Moore simultaneously wrote Marvelman
and V, a superhero and a masked avenger, for Warrior magazine. Marvelman
was directly descended, via Captain Marvel, from Superman whereas V was not
directly descended from the archetypal comic book masked avenger, the Batman,
although a Batman "Elseworld" story did show Wayne opposing an American
dictatorship in an alternative history. V's appearance is based on that
attributed to Guy Fawkes and he completes the job attempted by Fawkes. Like the
Lone Ranger, V remains masked throughout. His face is unseen by the reader and
even by his close assistant. In this respect at least, he also resembles Judge
Dredd, a legalised vigilante in a futuristic city. (Moore also wrote an
unpublished Dredd script, a "last Superman story" and a pivotal Batman/Joker
story.)
In the Village, names are replaced
by numbers but faces are not usually masked. When, in the episode "A, B and C",
letters replace numbers, the previously unknown C leads No 6 to the masked D
who, when unmasked, turns out to be the current No 2, but this occurs within an
induced dream, thus in a "play within the play". In the concluding episode, No
6, unmasking No 1, significantly sees his own face. Prospero played by Vincent
Price in the film The Masque of the Red Death had the same experience
when he unmasked a red-garbed intruder who was his own personalised death.
At the end of V for Vendetta,
V's assistant, Evey, does not unmask the dead V but realises that her face must
be behind the mask. She becomes V. His sabotage and assassinations have
overthrown fascism. She hopefully will oversee without needing to intervene in
the growth of freedom. But, like Asimov's Second Foundation, she and her new
assistant will be able to intervene if necessary. In The Foundation Trilogy,
an unpredictable mutant disrupted Seldon's Plan but the hidden Second Foundation
existed to guard and restore the Plan. After the events of V for
Vendetta, neo-fascists could seek to regain control. Evey/V might be able to
prevent counter-revolution by encouraging more popular action. (She will not
continue V1's strategy of individual assassinations.)
Bond conventionally contends with
agents of a foreign dictatorship but does not change himself. The
self-sufficient No 6 potentially frees himself. V, inspired by Valerie, and
helped and succeeded by Evey, potentially frees society.
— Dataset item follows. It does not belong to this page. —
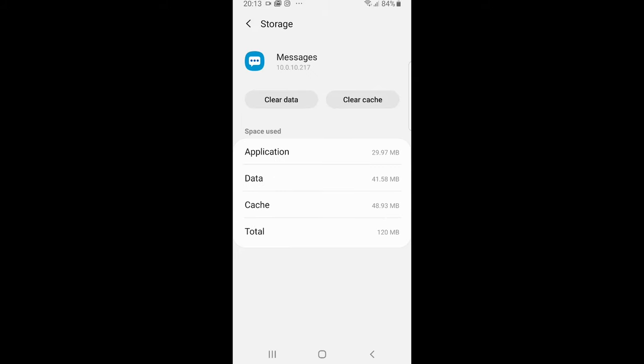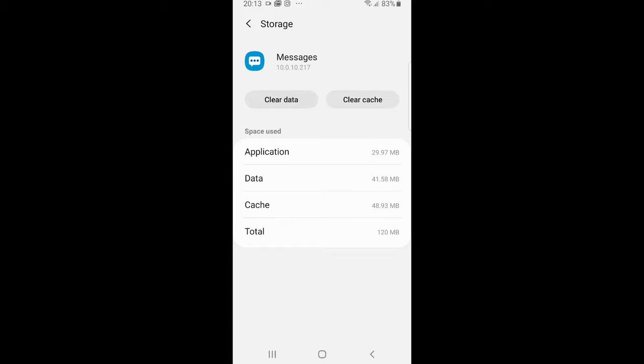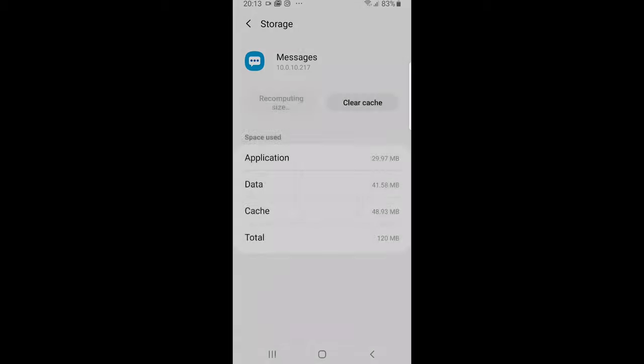Here you will see data and cache and you need to clear both of them. As you can see there is at the very top on my phone one button clear data. I will just click on this and click okay.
Thus, the successive
series form a progressive conceptual tetralogy:
first, Ian Fleming's twelve James
Bond novels in which Bond mainly opposes Russian Intelligence (in fact, SPECTRE
involvement in three of Fleming's later novels is film-derived);
second, the first five Sean Connery James Bond films culminating in Bond's meeting with No 1, Ernst Stavro Blofeld, plus two further films with Blofeld as the acknowledged villain;
third, the seventeen episode Prisoner TV series culminating in the Prisoner's realisation that he is the unmasked No 1;
fourth, the V for Vendetta graphic novel culminating in Evey's realisation that she must be the masked V.
second, the first five Sean Connery James Bond films culminating in Bond's meeting with No 1, Ernst Stavro Blofeld, plus two further films with Blofeld as the acknowledged villain;
third, the seventeen episode Prisoner TV series culminating in the Prisoner's realisation that he is the unmasked No 1;
fourth, the V for Vendetta graphic novel culminating in Evey's realisation that she must be the masked V.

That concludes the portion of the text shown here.